One of the things I'm bad at is evaluating the correctness of code that contains nits to be fixed. So...now that you've fixed the nits, I have a correctness concern, which I'm sorry I didn't see earlier.

My concern is that we stop reordering when IM dominates IW. But it seems to me that we should stop reordering when IM dominates I, no? Because after we move IW up before I, it may no longer dominate its operands.

359

Don't need DEBUG around the assert(). assert() is a macro and only evaluates its args in debug builds.

asbirlea added inline comments.Jul 8 2016, 5:03 PM
lib/Transforms/Vectorize/LoadStoreVectorizer.cpp
356–367

Let me try to reason this.
The loop checks that all operands IM should dominate IW. If that's not the case, IW should be moved before I. If that happens, IW is added to the worklist, so all its operands are checked and possibly moved before as well in the next iterations.
Yes, all IM should implicitly dominate I as well, but that should be transitive through IW. Unless I missed something?

asbirlea added inline comments.Jul 8 2016, 5:15 PM
lib/Transforms/Vectorize/LoadStoreVectorizer.cpp
356–367

What I missed is that instructions are not moved until after the loop. You're right.

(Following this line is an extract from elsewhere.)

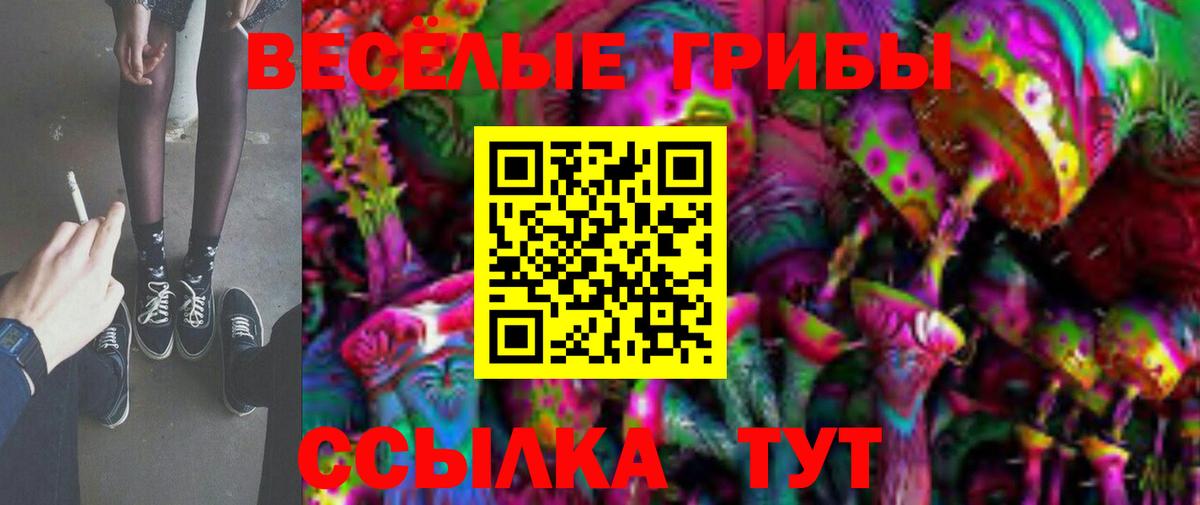 Галлюциногенные грибы Cubensis Ковров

asbirlea updated this revision to Diff 63509.Jul 11 2016, 7:28 AM

Address comments.

jlebar added inline comments.Jul 11 2016, 9:46 AM
lib/Transforms/Vectorize/LoadStoreVectorizer.cpp
356–367

Did you add a test for this? Phabricator isn't showing one, but I don't entirely trust it. If not, can you add one?

asbirlea updated this revision to Diff 63555.Jul 11 2016, 12:43 PM

Add testcase.

asbirlea added inline comments.Jul 11 2016, 12:45 PM
lib/Transforms/Vectorize/LoadStoreVectorizer.cpp
356–368

Added a tescase now. The test fails without the above change (replacing I with IW in the dominators check)

jlebar accepted this revision.Jul 11 2016, 12:53 PM
jlebar edited edge metadata.
This revision is now accepted and ready to land.Jul 11 2016, 12:53 PM
asbirlea updated this revision to Diff 63569.Jul 11 2016, 1:59 PM
asbirlea edited edge metadata.

Update to latest.

This revision was automatically updated to reflect the committed changes.